SOURCE DATA Block Start

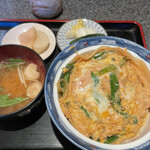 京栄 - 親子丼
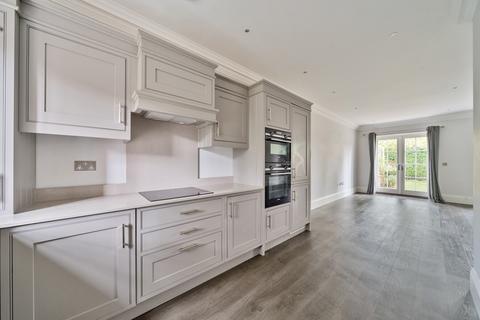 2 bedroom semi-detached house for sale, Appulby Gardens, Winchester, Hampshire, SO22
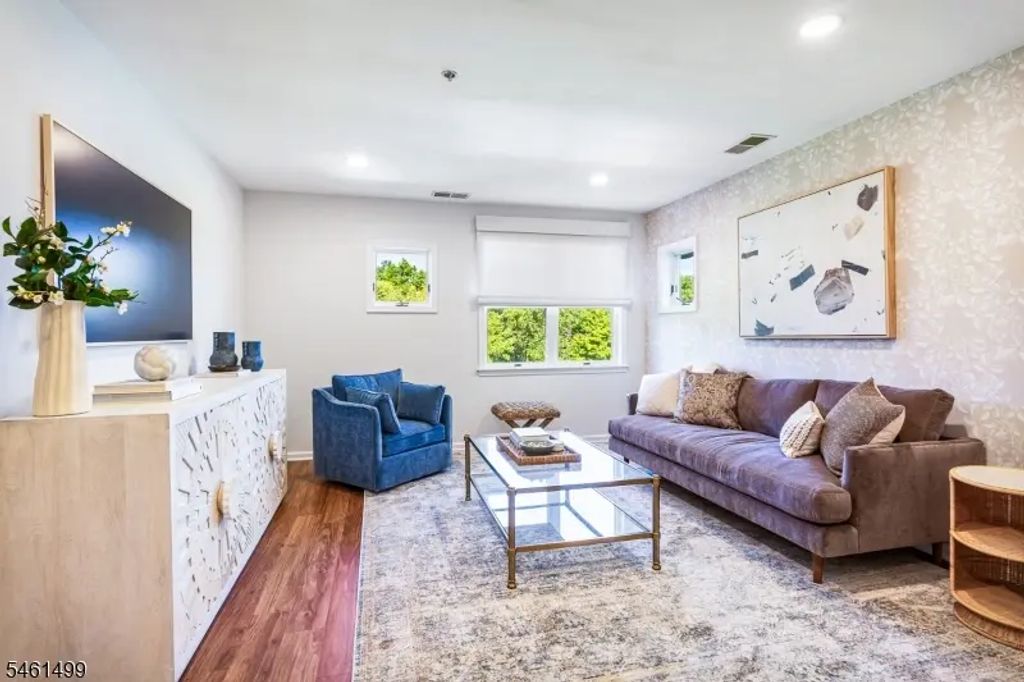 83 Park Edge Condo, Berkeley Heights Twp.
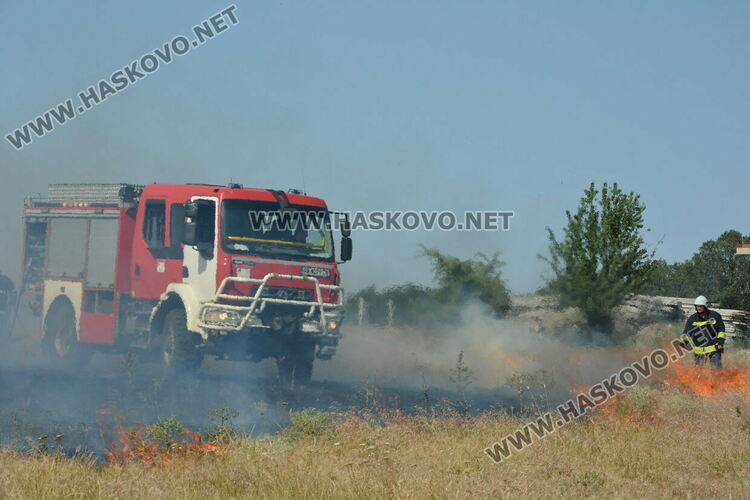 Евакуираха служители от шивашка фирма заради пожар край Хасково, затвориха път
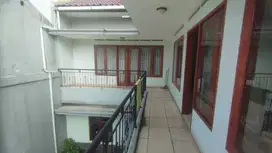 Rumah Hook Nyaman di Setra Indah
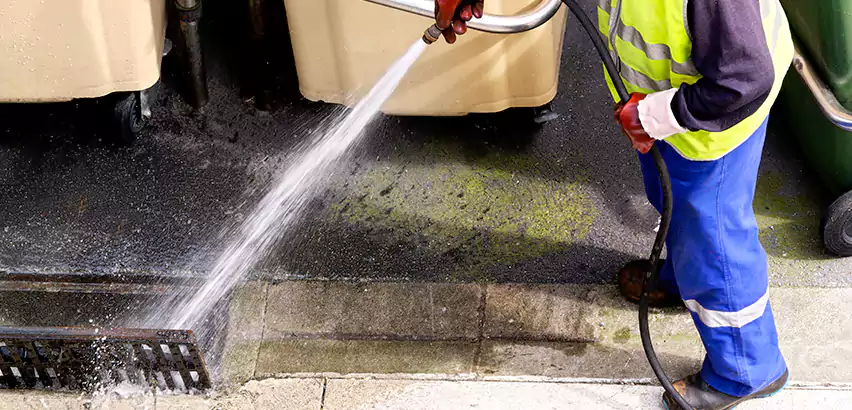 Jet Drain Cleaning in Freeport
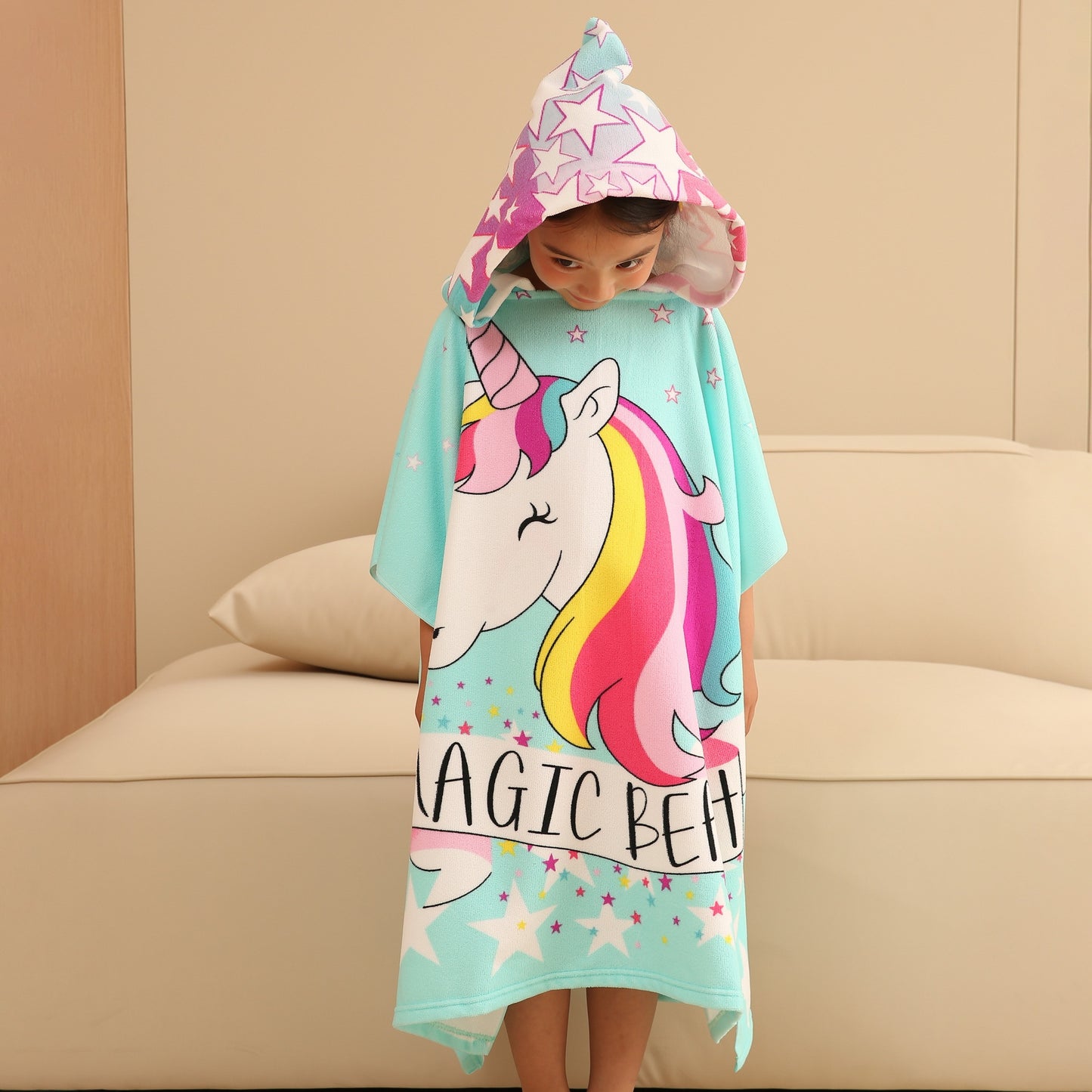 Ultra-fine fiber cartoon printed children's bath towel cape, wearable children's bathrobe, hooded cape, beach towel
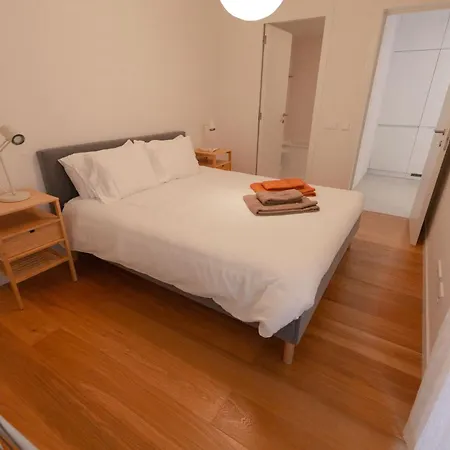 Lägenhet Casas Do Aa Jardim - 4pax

SOURCE DATA Block End

■ TASK TO CARRY OUT
Leave out every picture and copy verbatim the lines running from the line containing "2 bedroom semi-detached" through the final line of the data.

■ WRITTEN ANSWER
 2 bedroom semi-detached house for sale, Appulby Gardens, Winchester, Hampshire, SO22
 83 Park Edge Condo, Berkeley Heights Twp.
 Евакуираха служители от шивашка фирма заради пожар край Хасково, затвориха път
 Rumah Hook Nyaman di Setra Indah
 Jet Drain Cleaning in Freeport
 Ultra-fine fiber cartoon printed children's bath towel cape, wearable children's bathrobe, hooded cape, beach towel
 Lägenhet Casas Do Aa Jardim - 4pax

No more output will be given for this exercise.